Wednesday, August 01, 2012

So when is everybody?

kw: time travel

In 1950, hearing his colleagues discussing if "Martians" or other aliens were "out there", Enrico Fermi abruptly spoke up, "Where is everybody?" (a paraphrase, no doubt). Concerning the possibility of travel through time, you could ask the same thing. If in the future actual time travel becomes possible, one would think that time travelers interested in their own history would be overrunning significant events such as 9/11 or the Kennedy assassination.

Time travel into the future is, effectively, what we do by doing nothing. Time passes at the rate of one second per second. However, a "second" is a bit variable, depending on certain effects of general relativity (acceleration and gravity). Speeding up futureward progress can be done by traveling somewhere very fast, then turning around and returning equally fast. But "very fast" means something over a billion km per hour, or some 10,000 times as fast as the fastest spacecraft that has been sent out, to date, or about 40,000 times as fast as the orbital speed of the International Space Station. The energy required is unfeasible until we learn how to harness a few percent of the Sun's output into propulsion (or that of any convenient nearby star).
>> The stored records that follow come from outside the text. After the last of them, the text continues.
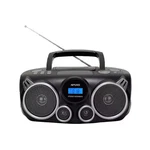 Stereo Boombox Plus Wireless Audio Streaming, MP3/CD, Usb/sd - Black. Fixed Price $87.20.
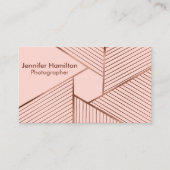 Abstracte Geometrische Roos Gold Foil fotograaf Visitekaartje (Voorkant)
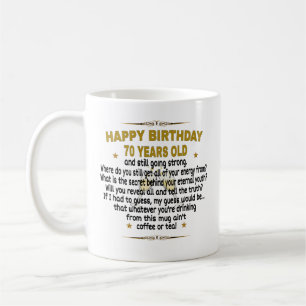 Herzlichen Glückwunsch zum Geburtstag, 70 Jahre a Kaffeetasse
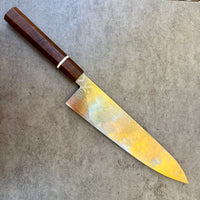 Custom Mert Tansu SG2 Damascus Gyuto 260 mm - Western Myall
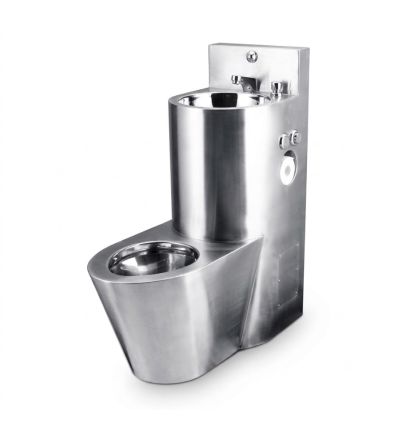 wc lave-mains inox
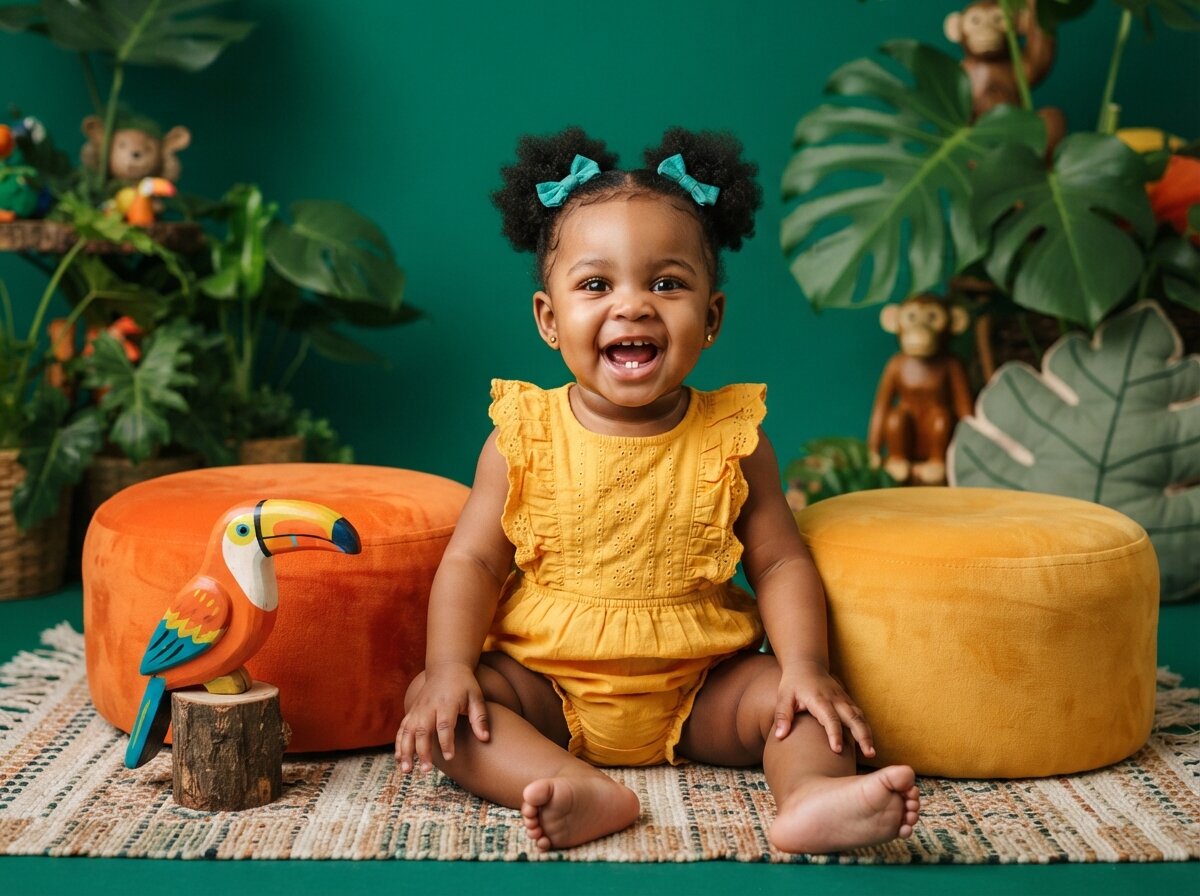 Vibrant Pop Color & Dynamic Studio Lighting (Baby Girl) (Royal Velvet)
Going backward in time is another proposition entirely! Even though quantum tunneling provides a way for photons or perhaps even subatomic particles to briefly exceed c, which sends them back in time a few nanoseconds, no means is known for complex items such as molecules or humans to do so.

But let us suppose a device is invented that can move freely along the time axis, taking someone along with it. Just as relativity tells us that motion in space affects time, deliberate motion in time is likely to affect space. For example, suppose you go ten minutes in either the future or the past "direction", more or less instantly. Will you remain stationary in space? Does that question even have meaning? Stationary with respect to what?

Let's consider that we all are moving, even when sitting still. With respect to the center of the Earth, I am moving about 1,280 kph, or 0.356 km/s. Anyone right at the equator is moving even faster: 1,670 kph, or 0.464 km/s. But Earth is moving, at 29.8 km/s relative to the Sun, the Sun is moving at about 200 km/s as it orbits the center of the Galaxy, and the Galaxy is moving at just over 625 km/s with respect to the Cosmic Microwave Background (CMB) radiation that is thought to represent a stationary reference frame for the Universe, at least that part of it we can see. But even that idea is questionable according to special relativity.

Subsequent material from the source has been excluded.